● WORK ITEM:
Exclude every picture. Output verbatim the lines from the one containing "2021年临沂市莒南县4.0" to the end of the data.

● COLLECTED MATERIAL:
__________
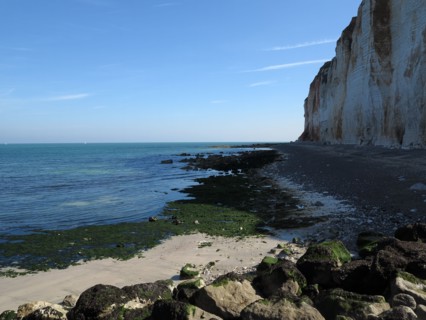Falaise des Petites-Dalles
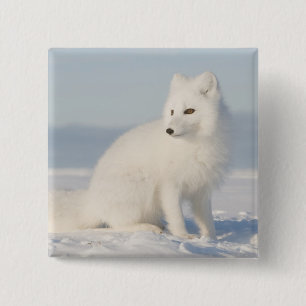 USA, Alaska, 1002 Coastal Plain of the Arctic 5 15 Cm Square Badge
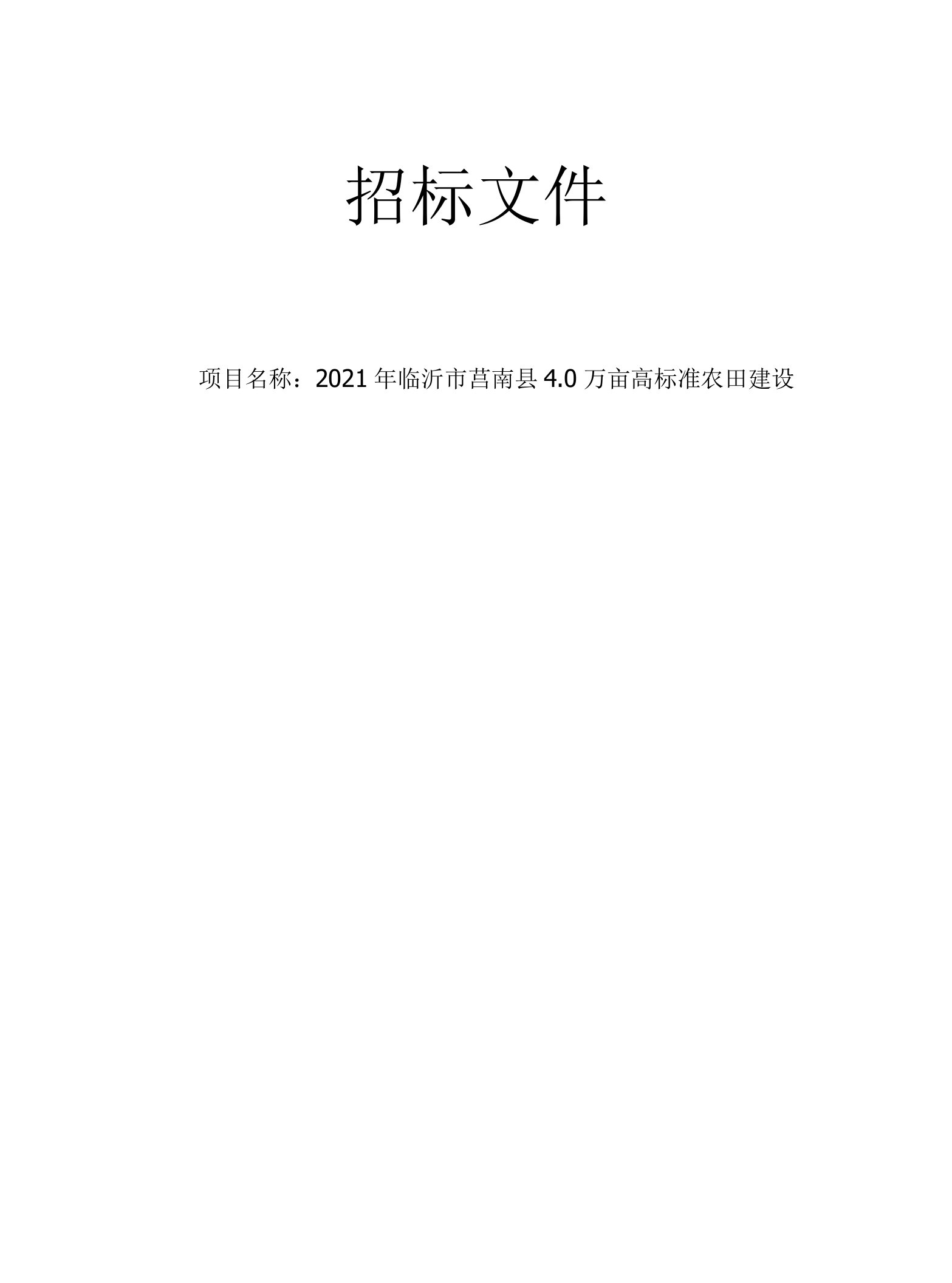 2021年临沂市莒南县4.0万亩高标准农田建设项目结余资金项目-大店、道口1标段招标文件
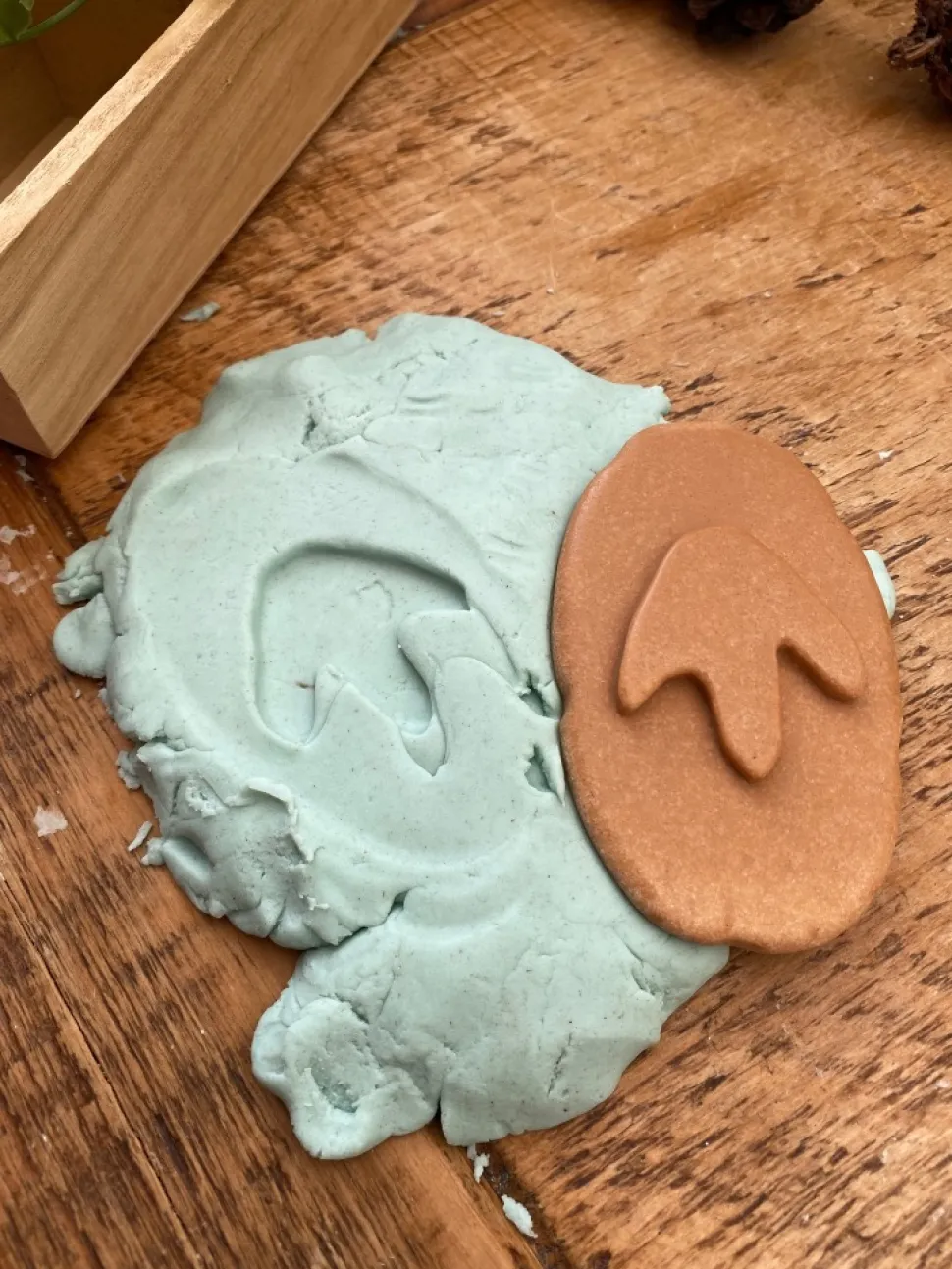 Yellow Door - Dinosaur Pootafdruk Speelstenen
__________
● ANSWER BOX:
 2021年临沂市莒南县4.0万亩高标准农田建设项目结余资金项目-大店、道口1标段招标文件
 Yellow Door - Dinosaur Pootafdruk Speelstenen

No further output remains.